_Directions for this task_
Please repeat the entries exactly as they appear and omit any images.

+---+

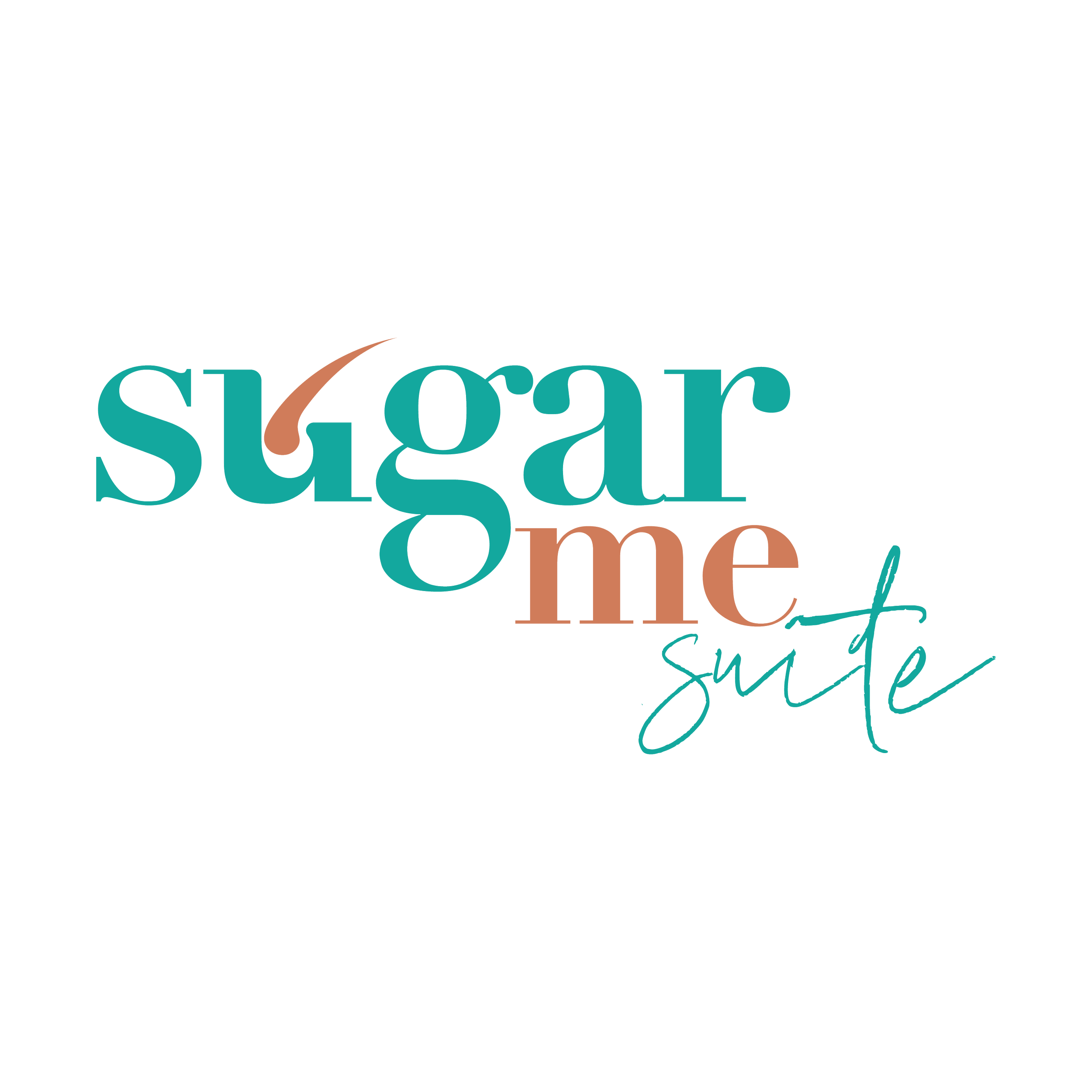 Sugar Me Suite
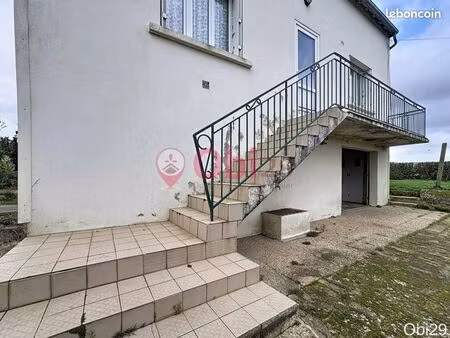 maison 8 pièces 118 m²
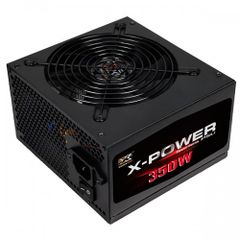 XIGMATEK X-POWER X-350 (EN40544) - Sản phẩm lý tưởng cho hệ thống GAME-NET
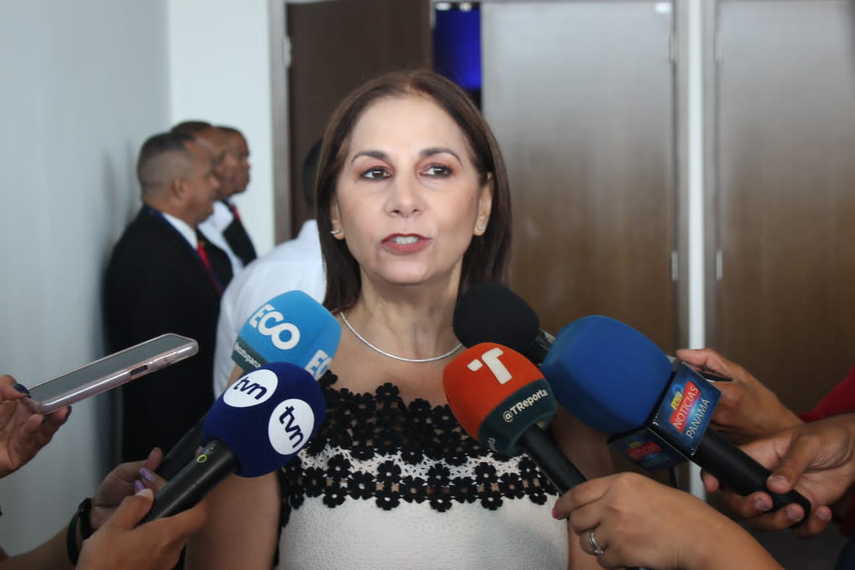 Alerta Amber: Directora de migración resalta su importancia para evitar secuestros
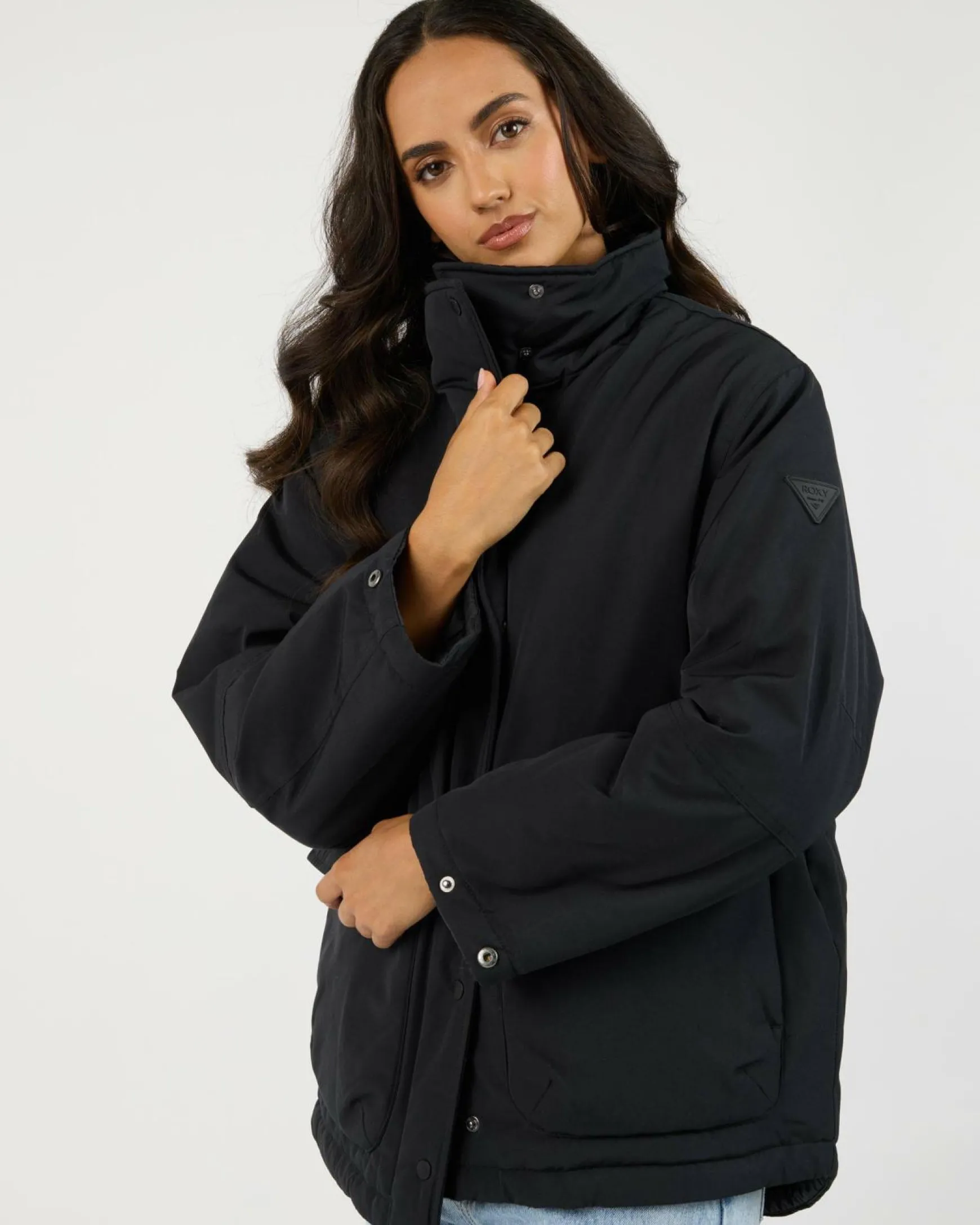 This Time Puffer Jacket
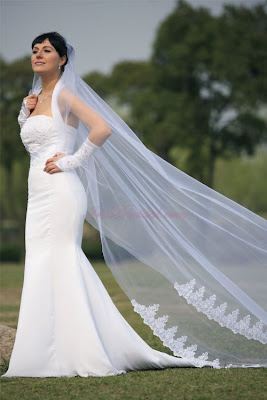 kleinfeld bridal dress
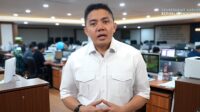 Sekretaris Kabinet (Seskab) RI Teddy Indra Wijaya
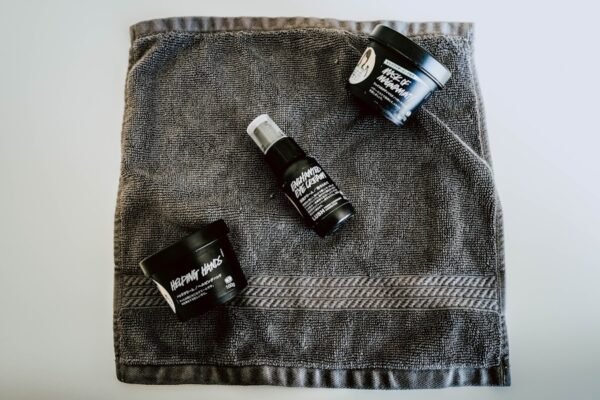 Arthritis-Friendly Skincare: Lightweight Textures for Easy Application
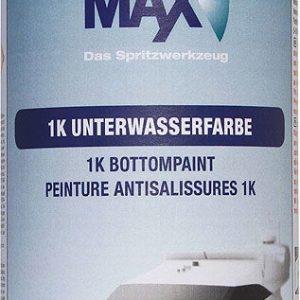 1K- Unterwasser Farbspray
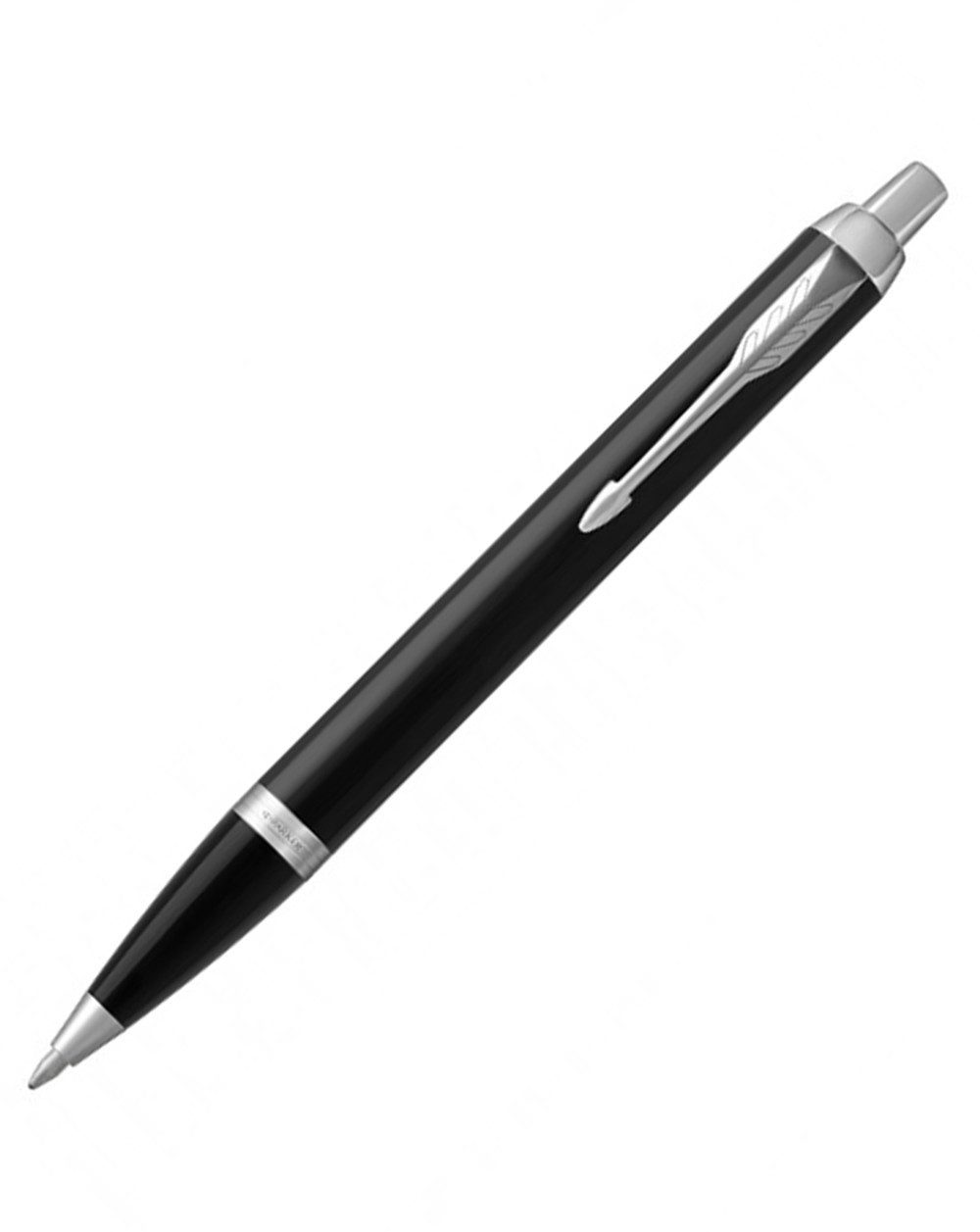 Химикалка Parker Royal IM, черен CT
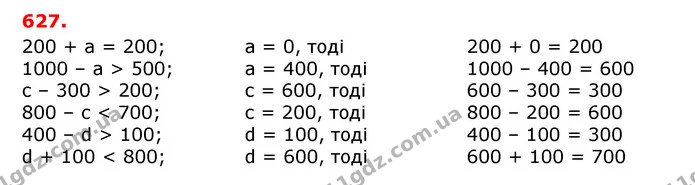 ГДЗ Математика 3 клас Оляницька 1 та 2 частини — ГДЗ Математика 3 клас Оляницька 1 та 2 частини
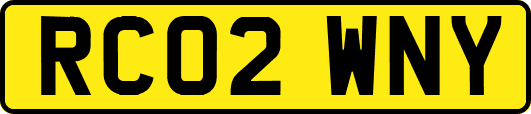 RC02WNY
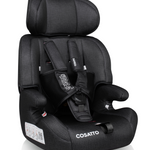 Zoomi Group 123 Sunset Dot (5 Point Plus) - Carseat - Cosatto Store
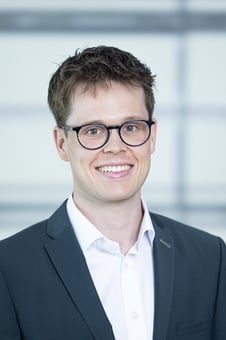 Profilbillede af Mads Hybel Kristensen, Erhvervsspecialist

+---+

_Answer section_
 Sugar Me Suite
 maison 8 pièces 118 m²
 XIGMATEK X-POWER X-350 (EN40544) - Sản phẩm lý tưởng cho hệ thống GAME-NET
 Alerta Amber: Directora de migración resalta su importancia para evitar secuestros
 This Time Puffer Jacket
 kleinfeld bridal dress
 Sekretaris Kabinet (Seskab) RI Teddy Indra Wijaya
 Arthritis-Friendly Skincare: Lightweight Textures for Easy Application
 1K- Unterwasser Farbspray
 Химикалка Parker Royal IM, черен CT
 ГДЗ Математика 3 клас Оляницька 1 та 2 частини — ГДЗ Математика 3 клас Оляницька 1 та 2 частини
 RC02WNY
 Zoomi Group 123 Sunset Dot (5 Point Plus) - Carseat - Cosatto Store
 Profilbillede af Mads Hybel Kristensen, Erhvervsspecialist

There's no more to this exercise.